My friend introduced me to this web site today that is basically a forum that people use to post blurbs about random crappy aspects of their life. I, personally, think my life sucks a lot of the time so its nice to read shitty things that happen to other people. And it turns out its pretty hilarious! Here are a few of my favorite posts:

"Today, I found out that when I masturbate at night while watching internet porn I cast a huge shadow on the curtain and the entire street is able to see it."

"Today, I went to a movie with my boyfriend. In the lobby, I asked why the glasses were not working. I said, "Do they only work inside the theater?" My boyfriend replied, "3-D glasses just work inside the movie, everything else in the World is pretty much 3-D.""

"Today, when I tried on a pair of pants at the mall, I asked the salesperson if I could have the next size up. She informed me that there wasn't a next size up. I have to LOSE weight to fit into the biggest pair of pants the store makes."

"Today, I got a text message. It said, "I'm so drunk. What you up to, girl?" It was my dad"

"Today, I told the guy I have feelings for that I'm interested in, and asked him how he feels about it. He responded via text, saying, "I feel fairly neutral about that.""

"Today, my mom and I were looking at pictures from the beach. She goes, "That is a REALLY ugly picture of Michelle" (my cousin). The picture was of me."

"Today, having just told me what a great job I've been doing and how he'd really like to start giving me some more responsibility, my boss asked me if I'd sharpen a couple of pencils for him."

"Today, my boyfriend started affectionately calling me "Burt Reynolds" because I wax my upper lip."

"Today, my mother and I got into a huge fight about me being a lesbian. It ended with me saying "Fuck you!" to which she responded: "I bet you'd probably like to.""

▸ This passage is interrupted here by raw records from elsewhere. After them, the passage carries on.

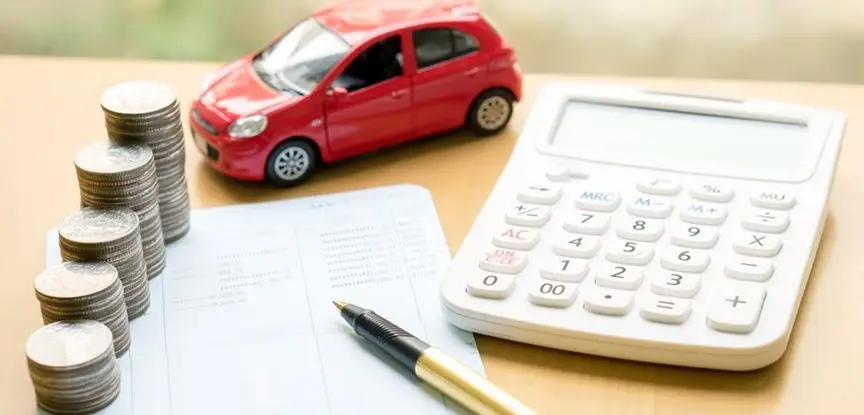 Devolução do IUC de carros importados – Um caso prático
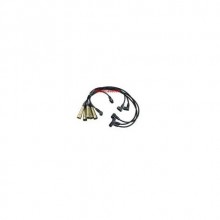 Chevrolet Rezzo  buji kablosu 2005  sonrası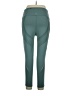 Calia Teal Active Pants Size XL - photo 2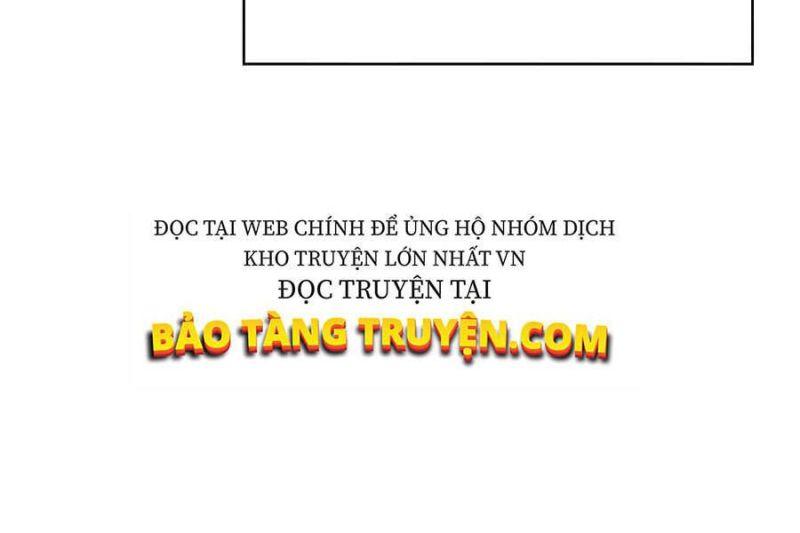 tôi trở lại thăng cấp một mình chapter 106 82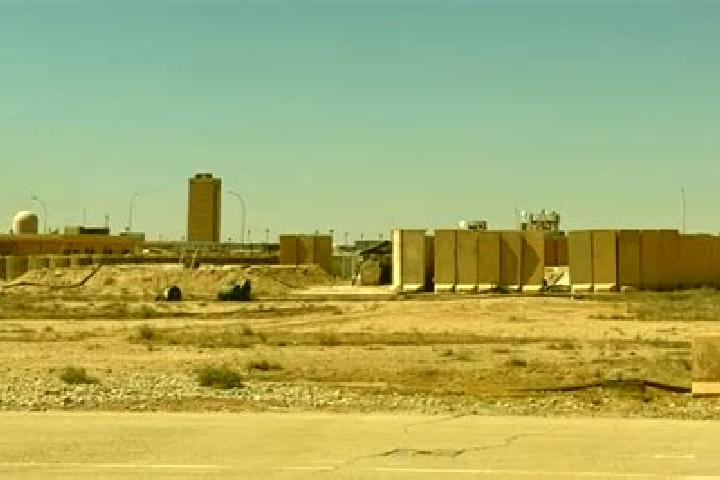 Piper, 21 — Escort in Bayji, Iraq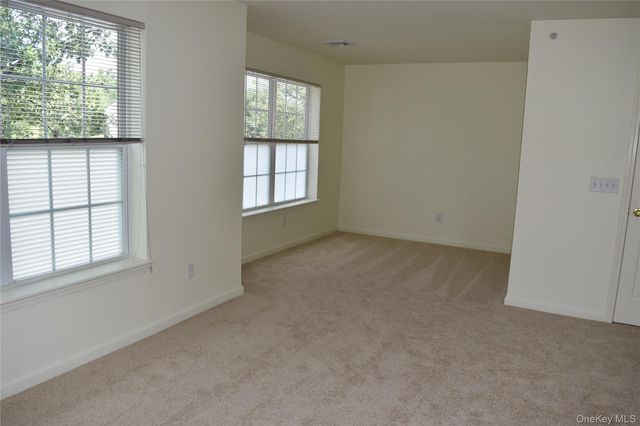 1165 Maggie Road 7-12, Newburgh, NY 12550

"Today, I heard my sister masturbating in her room. I took the dog around the block to get out of the house, and I came back to see her exiting her room....my electric toothbrush in her hand."

"Today, I was tutoring kids at an elementary school. One kid messed up my hair. I said, "Why'd you do that??" He said, "I have lice, now you have lice too!""

"Today, I decided to come out to a co-worker. She looked at me, then laughed, and said, "You can't be gay, you're fat!""

So maybe its not the nicest thing to laugh at other people misfortune, but its making me much happier so I'm sure they wouldn't mind.